In the last few months, Alibaba and its logistics subsidiary, Cainiao, have been especially active in the freight forwarding world. This shouldn’t be a surprise: we’ve noted before how e-commerce companies see logistics as the last barrier to complete retail dominance. Alibaba knows it needs to conquer logistics to grow its retail business.
Alibaba’s moves aren’t attention-worthy because they’re innovative, but rather because they point to an emerging global strategy: other e-commerce giants have either made or are in the process of making similar moves. That’s not a criticism of Alibaba. Instead, it seems like a playbook is emerging for e-commerce companies looking to “figure out” logistics.
Here are three major moves Alibaba has made in logistics this year, and where you’ve seen a similar strategy before:
Alibaba announces a $720 million investment in Huitongda Network. The logistics company will help Alibaba expand its delivery capabilities to rural China, where a significant population of Chinese consumers lives.
Where We’ve Seen It Before
For e-commerce companies, last-mile dominance is now a critical goal. We’ve seen big investments in last-mile delivery from the likes of Amazon, Best Buy, and Target before. E-commerce companies have an obvious incentive to reach all their customers, but rural delivery is arguably the most challenging last-mile lane to fulfill. A long drive with fewer deliveries affects route density, making many rural routes costly. For Amazon, programs like Shipping with Amazon can help achieve greater route density by opening up logistics services to a larger number of sellers. Meanwhile, brick-and-mortar stores with growing e-commerce arms use their physical locations as distribution centers to offset delivery costs.
Read More: Infographic: Retailers Who Are Winning at Logistics
Alibaba’s strategy is slightly different: Huitongda, an e-commerce subsidiary of Jiangsu Five Star Appliances Company, is already a well-established service network in rural areas. To avoid having to build that kind of system from scratch, Alibaba is investing heavily in the development of last-mile delivery for a significant rural consumer population. While not the exact means as Amazon and others, the end is the same: Alibaba wants to win China’s last-mile.

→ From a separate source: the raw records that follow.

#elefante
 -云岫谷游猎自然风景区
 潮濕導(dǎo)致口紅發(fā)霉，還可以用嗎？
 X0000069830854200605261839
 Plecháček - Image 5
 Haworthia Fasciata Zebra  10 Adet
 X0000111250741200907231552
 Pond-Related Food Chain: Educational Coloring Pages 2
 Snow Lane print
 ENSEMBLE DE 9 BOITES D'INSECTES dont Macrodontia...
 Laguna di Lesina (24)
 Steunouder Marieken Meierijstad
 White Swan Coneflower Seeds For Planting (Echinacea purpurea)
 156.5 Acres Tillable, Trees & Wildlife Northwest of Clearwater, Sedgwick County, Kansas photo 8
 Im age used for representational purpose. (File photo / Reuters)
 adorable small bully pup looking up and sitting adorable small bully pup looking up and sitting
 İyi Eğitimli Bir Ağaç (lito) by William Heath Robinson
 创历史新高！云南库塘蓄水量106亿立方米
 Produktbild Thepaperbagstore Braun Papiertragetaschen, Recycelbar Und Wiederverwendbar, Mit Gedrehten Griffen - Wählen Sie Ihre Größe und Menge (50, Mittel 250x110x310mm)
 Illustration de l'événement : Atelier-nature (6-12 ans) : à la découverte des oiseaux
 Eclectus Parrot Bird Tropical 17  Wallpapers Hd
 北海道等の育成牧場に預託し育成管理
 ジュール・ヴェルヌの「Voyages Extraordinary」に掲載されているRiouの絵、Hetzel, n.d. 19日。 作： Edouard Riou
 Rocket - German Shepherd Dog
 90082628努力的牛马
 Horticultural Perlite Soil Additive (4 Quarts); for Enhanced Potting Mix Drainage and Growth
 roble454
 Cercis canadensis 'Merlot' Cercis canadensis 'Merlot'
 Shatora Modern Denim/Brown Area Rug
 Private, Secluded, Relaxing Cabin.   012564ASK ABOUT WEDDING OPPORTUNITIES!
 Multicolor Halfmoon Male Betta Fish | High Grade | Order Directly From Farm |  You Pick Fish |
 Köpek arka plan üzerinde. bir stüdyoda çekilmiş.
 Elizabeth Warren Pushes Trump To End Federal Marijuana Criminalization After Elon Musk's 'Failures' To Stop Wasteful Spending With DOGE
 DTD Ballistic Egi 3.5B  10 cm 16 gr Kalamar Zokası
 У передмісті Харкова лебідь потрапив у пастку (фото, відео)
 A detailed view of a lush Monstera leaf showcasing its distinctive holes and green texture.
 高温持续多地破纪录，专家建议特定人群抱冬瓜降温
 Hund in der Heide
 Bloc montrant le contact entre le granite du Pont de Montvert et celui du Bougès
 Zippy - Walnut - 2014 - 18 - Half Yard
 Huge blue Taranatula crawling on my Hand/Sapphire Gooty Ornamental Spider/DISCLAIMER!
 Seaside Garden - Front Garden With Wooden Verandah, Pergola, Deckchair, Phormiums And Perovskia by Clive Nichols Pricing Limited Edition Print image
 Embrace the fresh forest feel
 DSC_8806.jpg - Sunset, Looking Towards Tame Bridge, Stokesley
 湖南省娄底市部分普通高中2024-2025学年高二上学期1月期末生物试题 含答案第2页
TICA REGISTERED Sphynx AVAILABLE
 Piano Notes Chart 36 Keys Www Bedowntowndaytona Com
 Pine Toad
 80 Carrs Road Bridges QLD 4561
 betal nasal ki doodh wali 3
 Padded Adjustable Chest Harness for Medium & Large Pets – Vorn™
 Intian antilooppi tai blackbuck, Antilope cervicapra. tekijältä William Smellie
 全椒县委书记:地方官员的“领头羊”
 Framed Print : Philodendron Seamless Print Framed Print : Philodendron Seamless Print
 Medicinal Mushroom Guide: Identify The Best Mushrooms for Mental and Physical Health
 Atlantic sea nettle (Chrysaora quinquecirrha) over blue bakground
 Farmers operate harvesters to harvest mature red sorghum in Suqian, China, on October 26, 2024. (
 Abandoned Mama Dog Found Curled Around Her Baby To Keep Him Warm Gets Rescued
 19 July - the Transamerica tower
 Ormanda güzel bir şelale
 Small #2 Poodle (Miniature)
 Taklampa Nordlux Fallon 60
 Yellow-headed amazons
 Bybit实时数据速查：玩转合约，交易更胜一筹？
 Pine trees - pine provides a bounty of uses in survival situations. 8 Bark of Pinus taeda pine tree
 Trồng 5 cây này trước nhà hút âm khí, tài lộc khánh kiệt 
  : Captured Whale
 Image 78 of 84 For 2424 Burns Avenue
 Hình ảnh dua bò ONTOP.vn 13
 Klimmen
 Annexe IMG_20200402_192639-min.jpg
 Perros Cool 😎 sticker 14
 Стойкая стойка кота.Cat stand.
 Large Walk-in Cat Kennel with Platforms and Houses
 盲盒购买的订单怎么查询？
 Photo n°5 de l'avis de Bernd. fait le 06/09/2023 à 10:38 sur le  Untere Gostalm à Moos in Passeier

Alibaba invests $1.38 billion in ZTO Express and lands itself a variety of logistics assets, including ZTO’s own recently-acquired freight-forwarding business, China Oriental Express.
Where We’ve Seen It Before
Much as other e-commerce retailers such as Amazon, Rakuten, and Wayfair have acquired freight forwarding and NVOCC capabilities to realize efficiencies in their imports from China, Alibaba is now equally well-suited to make its mark on international logistics. We’ve said it before: no product can move anywhere in the world without the assistance of a freight forwarder. E-commerce companies realize this but aren’t willing to be passive about it.
Investing in or acquiring companies with established logistics capabilities is a popular move for retail giants: think Target buying Shipt, or Walmart's acquisition of Parcel. While these aren’t traditional freight forwarders, their ready-to-roll delivery infrastructures help e-commerce companies hit the ground running post-acquisition. Alibaba is on a tight schedule and facing fierce competition. Putting money down on a complete freight-management company is an efficient bet.
At the Global Smart Logistics Summit hosted by Cainiao, Jack Ma announced a US $15 billion investment to help develop a global smart-logistics network. Ma indicated the network would be based on technological advancements including smart warehouses equipped with real-time package tracking and robots, and potentially automated delivery vehicles.
Where We’ve Seen It Before
Ma is talking about a single, unified state-of-the-art logistics network. It’s similar to what Maersk and IBM have promised to build, and what e-commerce companies have been desperate to find or develop over the last few years: a shared ecosystem that gathers data and gives secure transparency at every step of the delivery process. This is a significant investment by Alibaba in a supply chain solution.
In the same announcement, Ma emphasized that the network wouldn’t be a Cainiao/Alibaba exclusive: it’s meant to be a centralized standard environment for all logistics partners. A one-stop, single-platform solution from an e-commerce company would require the transaction and delivery parts of a sale to occur in the same ecosystem. Programs like Amazon Seller Flex and Shipping with Amazon are ready to meet that requirement. Merchants and businesses can use Amazon’s consumer platform to make a sale, then ship their sold goods with Amazon’s logistics services.
Read More: Is Amazon Finally Set to Conquer Freight?
Like Amazon, Alibaba is betting that the future of its retail business depends on its mastery of logistics. Also like Amazon, Alibaba’s plan involves dominating the last mile and investing heavily in technologies that could revolutionize all parts of the supply chain. It remains to be seen if retail’s logistics strategy is the winning formula. But when multiple players converge on the same strategy, it’s often an indicator that they’re headed in the right direction.